特に、基板1には、後に形成する被覆樹脂層との密着性を高めるための密着層が設けられていることが好ましい。基板1上に密着層を形成する工程は、被覆樹脂層を形成する工程(後述する工程(2))より前に行えば良い。密着層は、例えば、ポリアミド樹脂、ポリイミド樹脂、ポリエーテルアミド樹脂等で形成することができる。
ここで、インク供給のためのインク供給口を基板に形成しても良い。例えば、基板1の後方よりインクを供給可能な穴を基板に形成する。このインク供給口の形成においては、基板に穴を形成できる手段であれば、いずれの方法も使用できる。例えば、ドリル等機械的手段にて形成しても構わないし、レーザー等の光エネルギーを使用しても構わない。また、基板1の裏面にレジストパターン等を形成して化学的、物理的にエッチングしても構わない。
ただし、インク供給口の形成は、後述するようにインク吐出口形成後でも構わない。また、インク供給口を基板1に形成せず、溶解可能な樹脂によりインク供給口となる部分を含むインク流路パターンを形成する方法や、被覆樹脂層にインク供給口を形成する方法により、基板に対してインク吐出口と同じ面に設けても良い。

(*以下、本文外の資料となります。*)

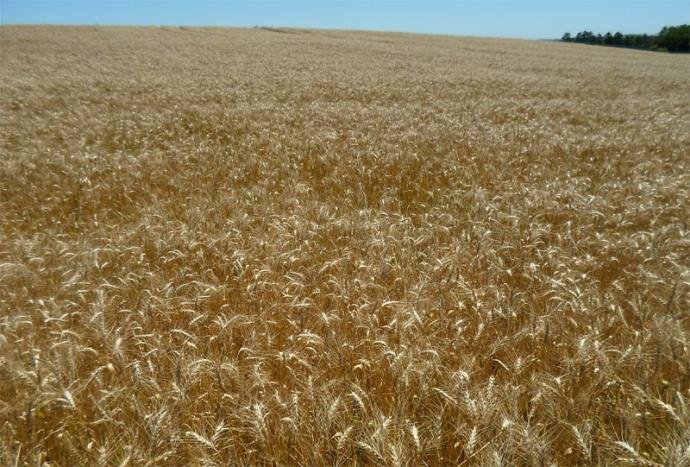 Safra 2017/2018, que iniciou em julho, ter&aacute; R$ 10 bilh&otilde;es de cr&eacute;ditos rural para todas as linhas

また、以下の手順でインク供給口を形成しても良い。すなわち、はじめに、基板のインク供給口が形成される位置のインク吐出圧力発生素子側の面に存在する、絶縁層やパッシベイション層、あるいは電導層をエッチングストップ層として配置しておく。次に、後述の溶解可能な樹脂によるインク流路パターンの形成、被覆樹脂層の形成、被覆樹脂層へのインク吐出口の形成を行う。その後、基板の反対側の面からエッチングストップ層までエッチングを行う。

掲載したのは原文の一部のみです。